This last comment is especially perceptive. In modern language it says that as a weight moves farther from the rotation axis, the gravitational torque on it is greater, but the moment of inertia of the wheel is simultaneously increased, making the gravitational torque less effective in increasing or sustaining motion of the wheel. The net gain is zero.
The concepts of force, energy and momentum were not refined until the early 19th century. Leonardo's thinking about these matters was still largely Aristotelian, as these examples [translation by Edward MacCurdy] illustrate:
Aristotelian science held that things in the heavens were perfect and incorruptable. Therefore this last comment about the sun is consistent with Aristotelian thinking, and suggests that Leonardo had no conception of anything like a general principle of conservation of energy.
Many of Leonardo's drawings of machines were impractical or even unworkable as he depicts them. Most were never built or tested by him. Some were not his original ideas, but were commonly known in his time and earlier times. We often can't determine whether a particular device included in his notebooks was of his own design, or of someone else, and we can't always know whether Leonardo considered it workable or practical.
Mark Anthony Zimara (1460?-1523?), was an academic, natural philosopher, physician, astrologer and alchemist; interests typical of academics of his time. He published a scholarly work on physics and metaphysics in 1518, in which he describes (without pictures) Directions for Constructing a Perpetual Motion Machine without the use of Water or a Weight.
Construct a raised wheel of four or more sides, like the wheel of a windmill, and opposite to it two or more powerful bellows, so arranged that their wind will turn the wheel swiftly. Connect to the periphery of the wheel, or to its center (whichever the builder may think better), an instrument which will operate the bellows as the wheel itself turns (this will be an honor to the ingenuity of the maker).

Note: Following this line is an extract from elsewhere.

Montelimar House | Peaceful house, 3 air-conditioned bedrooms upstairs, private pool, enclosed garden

It will happen that the wind which comes from the wheel to rotate, and that the bellows themselves, operated by the rotating wheel, will blow perpetually. This, perchance, is not absurd, but is the starting point for investigating and discovering that sublime thing, perpetual motion, a starting point which I have not read of anywhere, neither do I know of any one who has worked it out. [Tr. by G. Kasten Tallmadge.]This is an early example of the "boostrap" principle of perpetual motion. [The combination of Archimedian screw and water-wheel was an earlier example.] Device A drives device B which in turn drives A. But it was not the last application of the principle, though it should have been. Note that Zimara claims this to be his original idea. Zimara leaves to others the tricky problem of designing the mechanical linkage between bellows and windmill, and he admits that he knows no one who has made such a thing work. Of that we can be certain.
Zimara's description contained no drawing. The drawing here is an artist's fanciful interpretation, with some geometric engineering flaws that, even if corrected, would not allow the device to work.

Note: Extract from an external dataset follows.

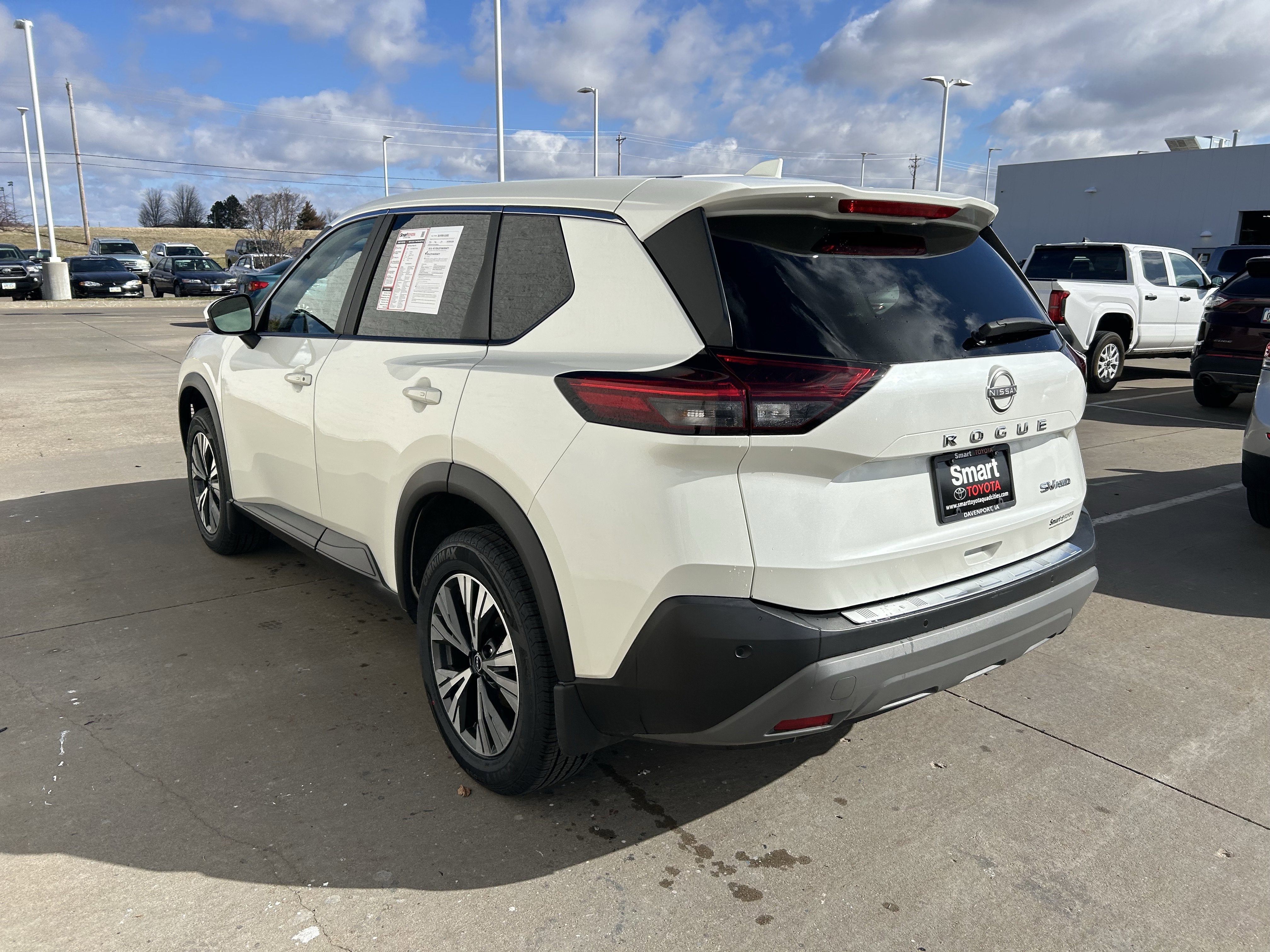 Used 2023 Nissan Rogue SV image 5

Agostino Ramelli (1531-ca. 1600) published in 1588 a large foilo collection Treasury of the ingenious machines of the noble and famous Captain Agostino Ramelli with text in both Italian and French. It contained 195 detailed plates with accompanying commentary. One, plate 43, attracts our attention. At first look just a floating water wheel for lifting water from a river (a common device of the time), more careful examination shows that it has within the waterwheel two perpetual motion devices, the wheel of Honnecort, and the curved-compartment wheel, both being ideas from the Orient via Arabia. Ramelli explains:
You should know that the interior of this wheel was made to please a gentleman who requested me to do it because he thought that since the current of the river was too slow it should be aided by a wheel. Thus anyone can make use of it if he judges it suitable.
So, if you need more power, just add a perpetual-motion wheel, or better yet, add two of them! Ramelli's last sentence must be interpreted as tongue-in-check, indicating that he doesn't think the extra wheels really help, but as he was building this for a client, who was paying for it, the customer gets what he wants. We know nothing about Ramelli's personality, or whether he had a sense of humor, but I can't help thinking this drawing was his little joke.

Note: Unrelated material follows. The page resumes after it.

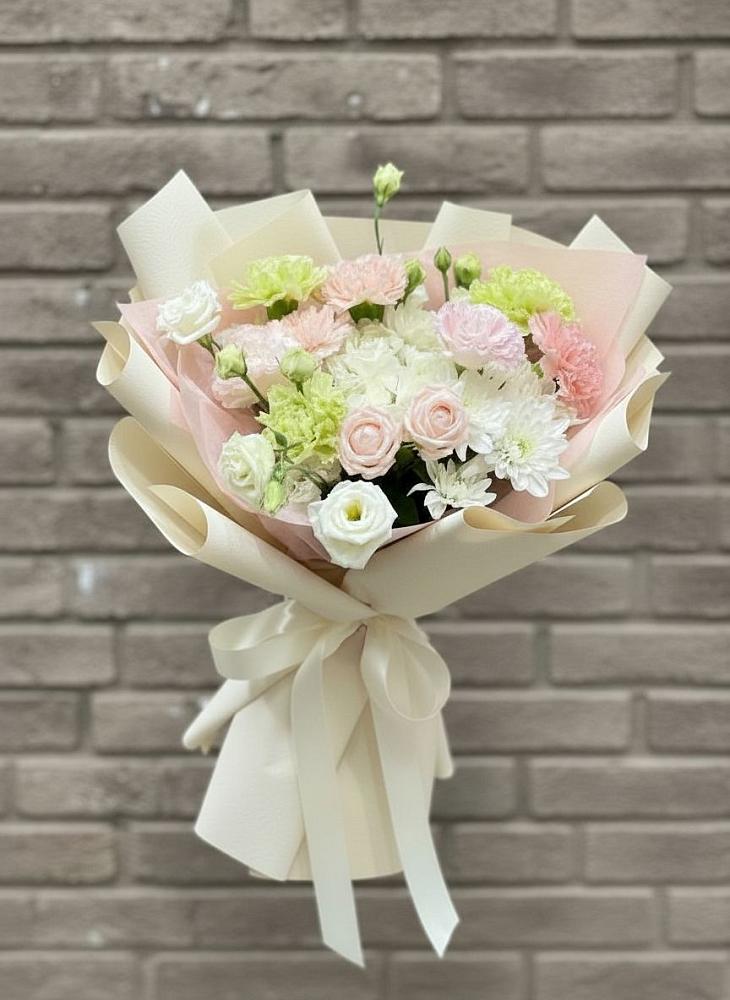 Букет цветов из: Гвоздики, Розы, Лизиантусы и Хризантемы в Детчино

Closer examination of the original engraving shows the innermost part of the wheel has curved-wall compartments, with something (water, pebbles, lead shot?) in each compartment. Such wheels were then common (though inefficient) devices for lifting water, driven by the current of the river. It was called the Persian Wheel, the horn-drum, or De La Faye's wheel. The same design shows up in stand-alone self-motive wheel designs. But in this picture, the inner part of the wheel is clearly not being driven by water in the river.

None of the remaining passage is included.